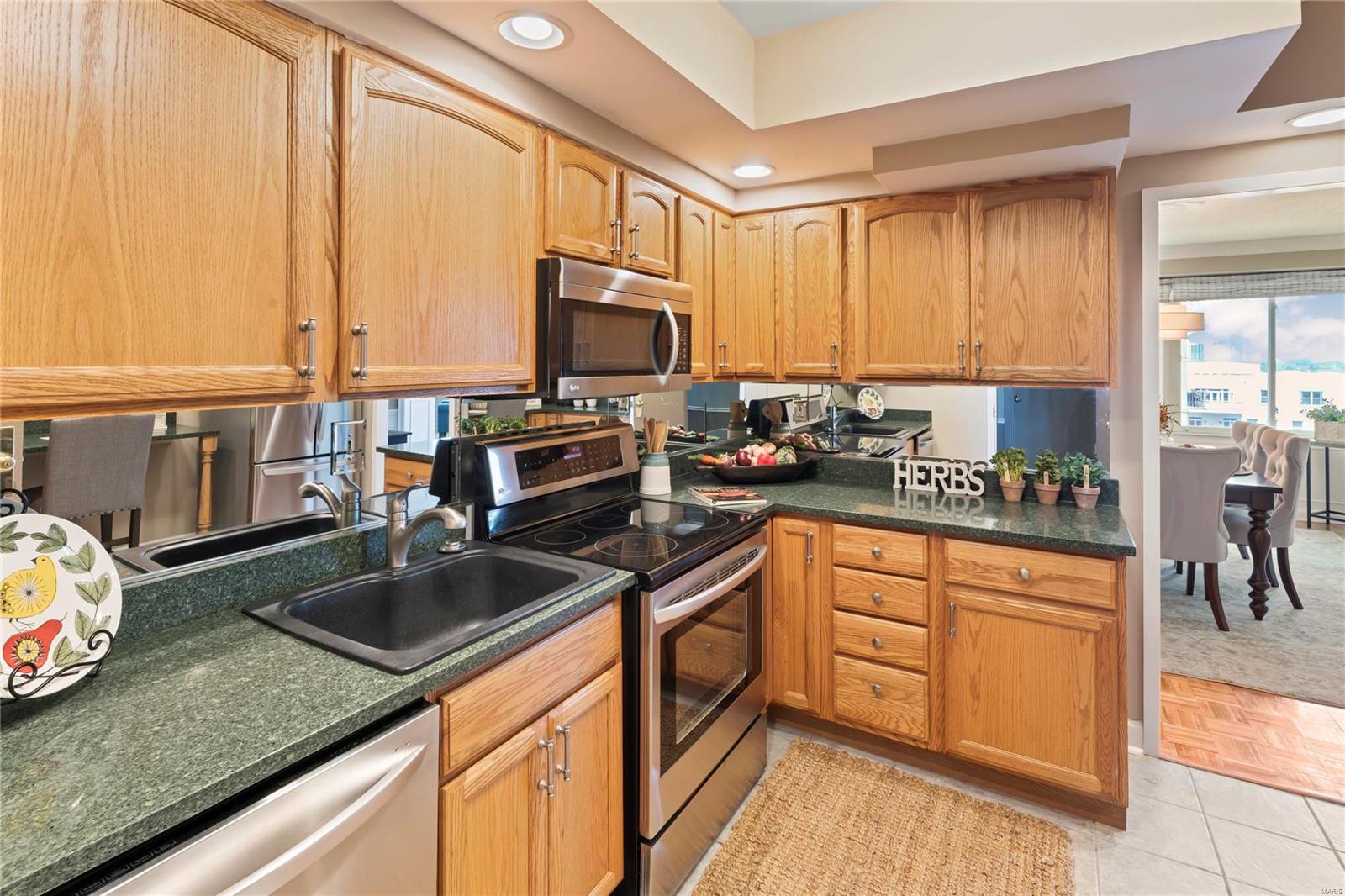 900 South Hanley Road, Unit 12D St. Louis, MO 63105 - Photo 16 of 48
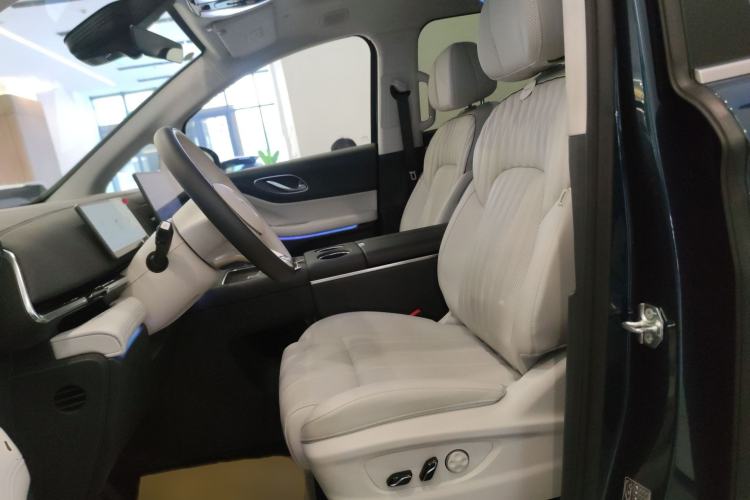 Used VOYAH Dream 2025 PHEV Four-Wheel-Drive Flagship Kunpeng Edition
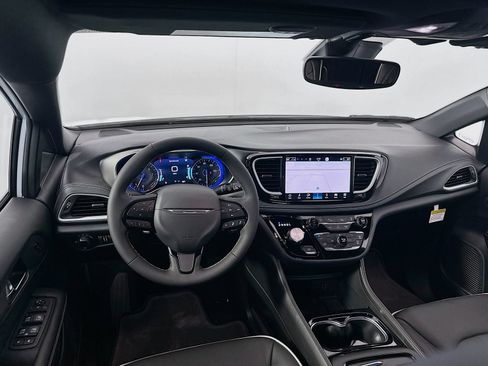 New 2027 Chrysler Pacifica Limited w/ S Appearance Package FWD image 24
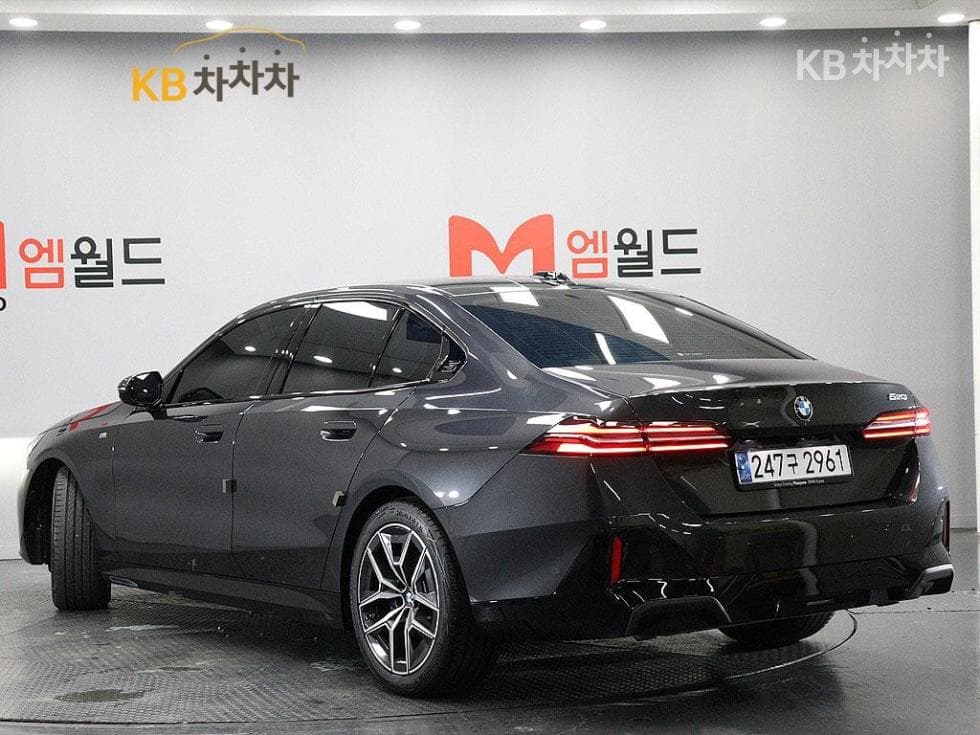 BMW New5 Series(G60)520i M Sport - 4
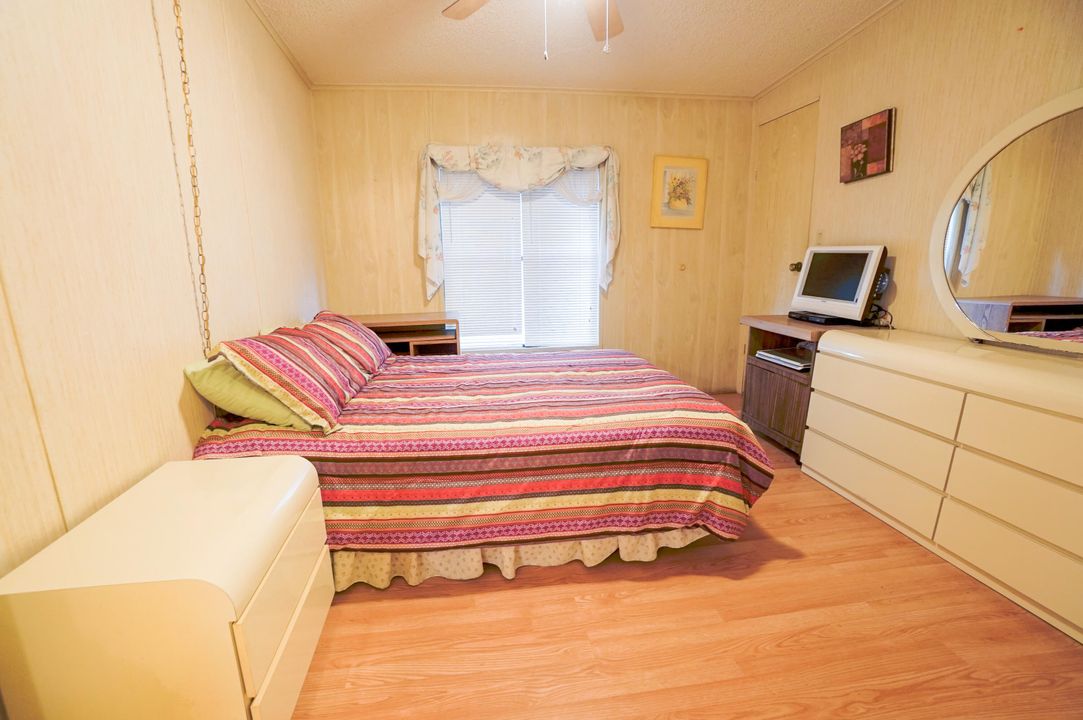 合同活跃: $100,000 (2 贝兹, 2 浴室, 1014 平方英尺)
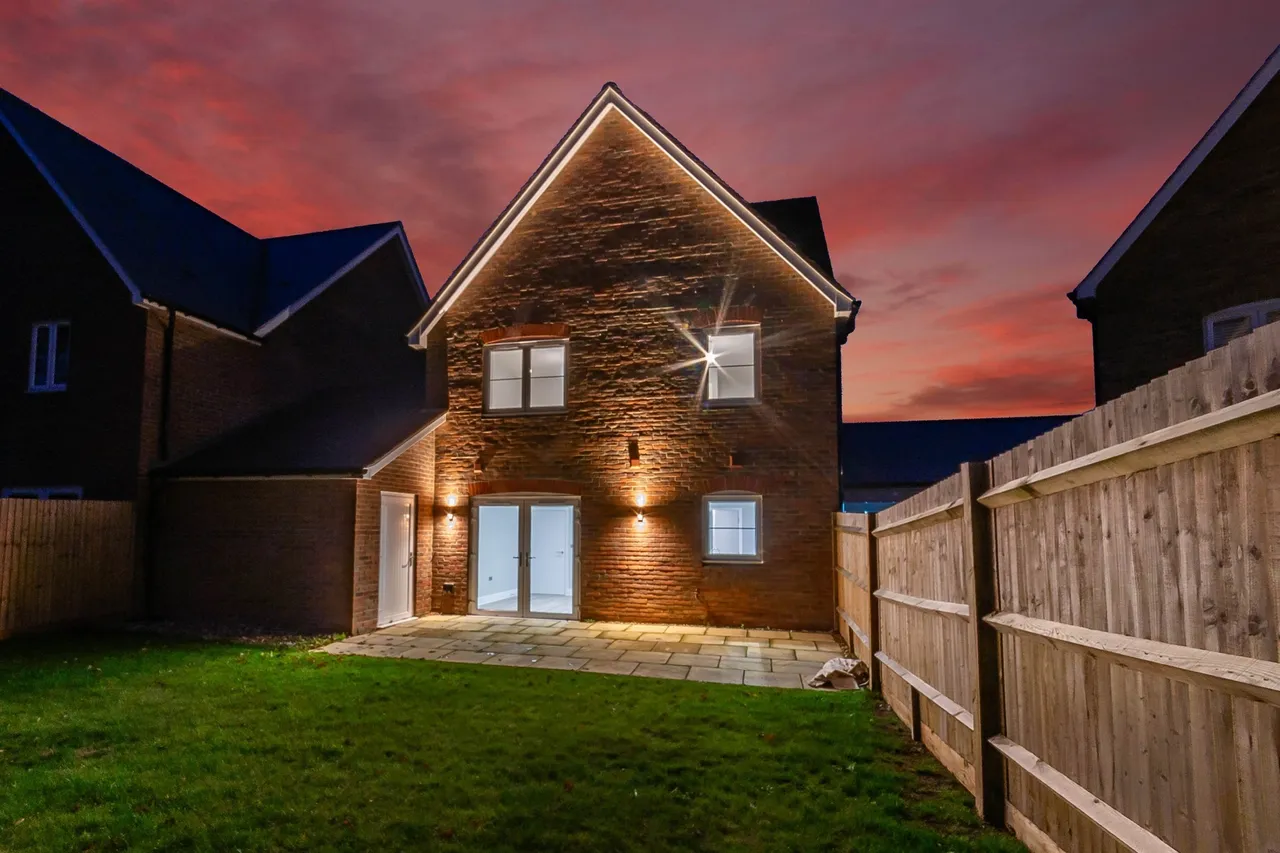 Hawthorn Close, Bicknacre, CM3, photo 14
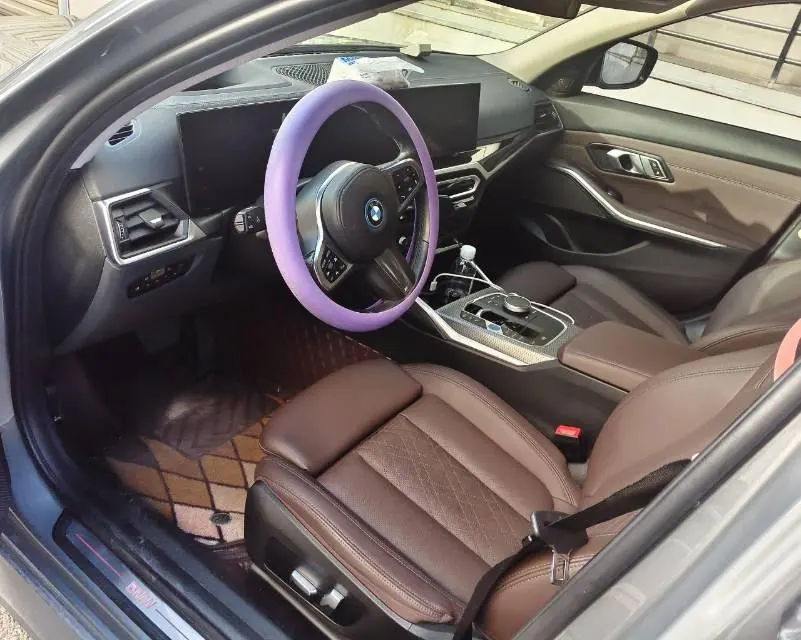 BMW 2023 i3 eDrive 40 L obsidian night sports suit automatic gear 4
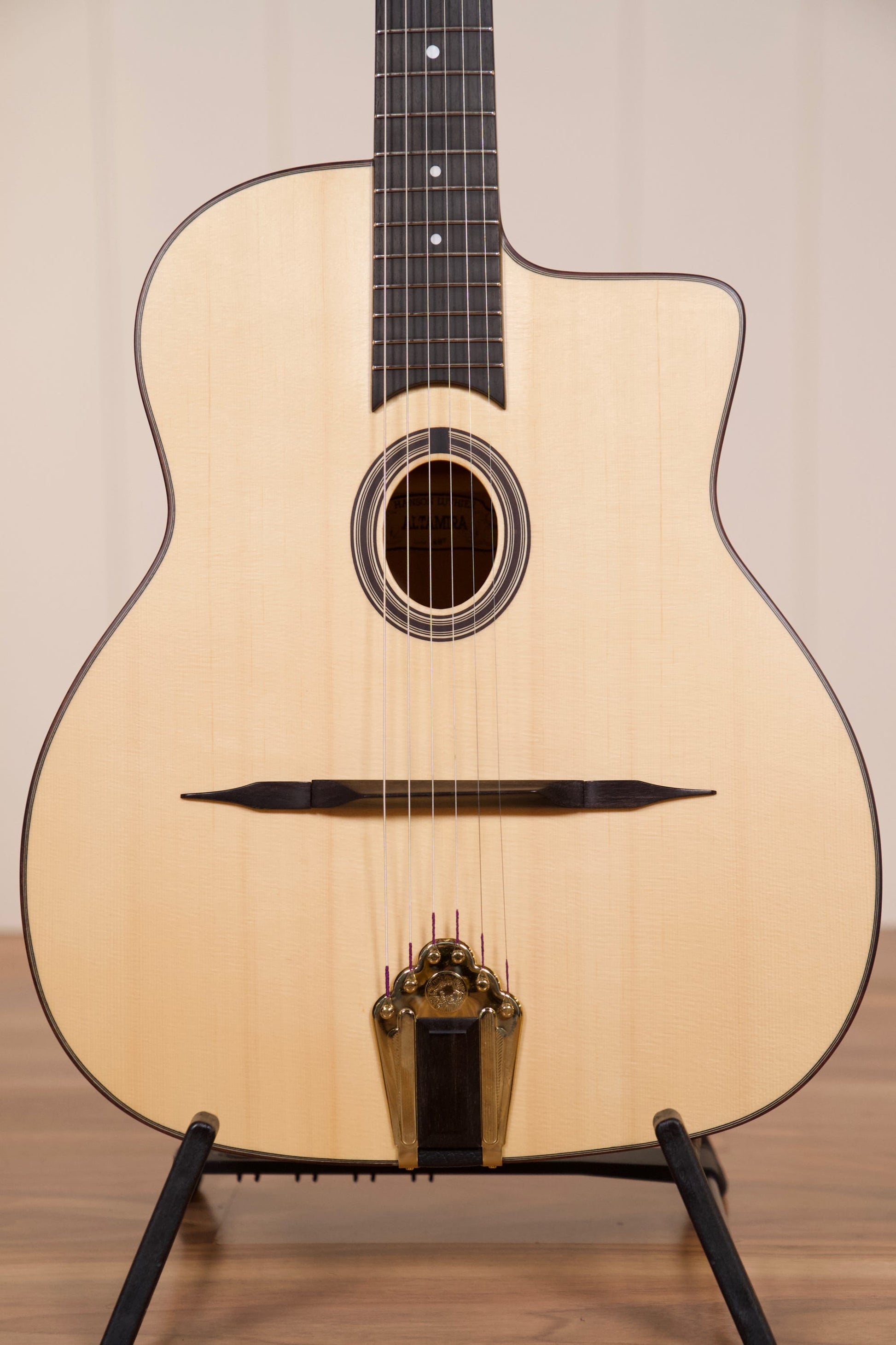 Altamira Guitars Model M Solid-Top Gypsy Jazz Guitar w/Padded Bag - Spruce/Maple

Task details:
Output all of the data above exactly; no pictures should appear.

Reply to the exercise:
 900 South Hanley Road, Unit 12D St. Louis, MO 63105 - Photo 16 of 48
 Used VOYAH Dream 2025 PHEV Four-Wheel-Drive Flagship Kunpeng Edition
 New 2027 Chrysler Pacifica Limited w/ S Appearance Package FWD image 24
 BMW New5 Series(G60)520i M Sport - 4
 合同活跃: $100,000 (2 贝兹, 2 浴室, 1014 平方英尺)
 Hawthorn Close, Bicknacre, CM3, photo 14
 BMW 2023 i3 eDrive 40 L obsidian night sports suit automatic gear 4
 Altamira Guitars Model M Solid-Top Gypsy Jazz Guitar w/Padded Bag - Spruce/Maple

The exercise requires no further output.